Rédigé par Mariem LEMRAJNI Lundi 1 Septembre 2025

La première centrale solaire flottante du pays a été mise en service dans le Nord du Maroc, couvrant une large surface d’un réservoir. D’une puissance de 13 mégawatts, elle est destinée à alimenter en électricité verte le complexe portuaire de Tanger Med, tout en contribuant à réduire l’évaporation de l’eau du réservoir. Détails.



Alors que le Maroc subit des sécheresses à répétition, mettant en péril ses ressources en eau et son développement énergétique, un projet pilote innovant a été lancé dans le Nord du pays. Il s’agit de l’installation de panneaux solaires flottants sur la surface d’un lac de barrage, une initiative qui apporte une double solution efficace. Ce dispositif permet de produire de l’énergie renouvelable et propre, et contribue également à réduire considérablement les pertes d’eau par évaporation, qui peuvent représenter jusqu’à 30 % du volume total des retenues d’eau. 
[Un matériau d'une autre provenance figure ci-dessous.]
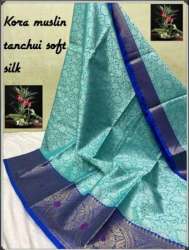 Party Wear Kora Muslin Soft Silk Ladies Saree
Ce projet s’inscrit dans le cadre du programme de décarbonisation de Tanger Med, un moteur stratégique de l’économie marocaine. Dès juillet 2023, le Groupe Tanger Med avait lancé un appel d’offres pour étudier et réaliser ce parc photovoltaïque flottant. L’objectif principal est de recouvrir une partie du réservoir avec des panneaux photovoltaïques flottants afin de protéger la surface de l’eau des rayons directs du soleil, tout en générant une électricité renouvelable et propre. Sur le bassin, plus de 400 plateformes flottantes, solidement arrimées par des câbles plongeant jusqu’à 44 mètres de profondeur, supportent déjà des milliers de panneaux solaires.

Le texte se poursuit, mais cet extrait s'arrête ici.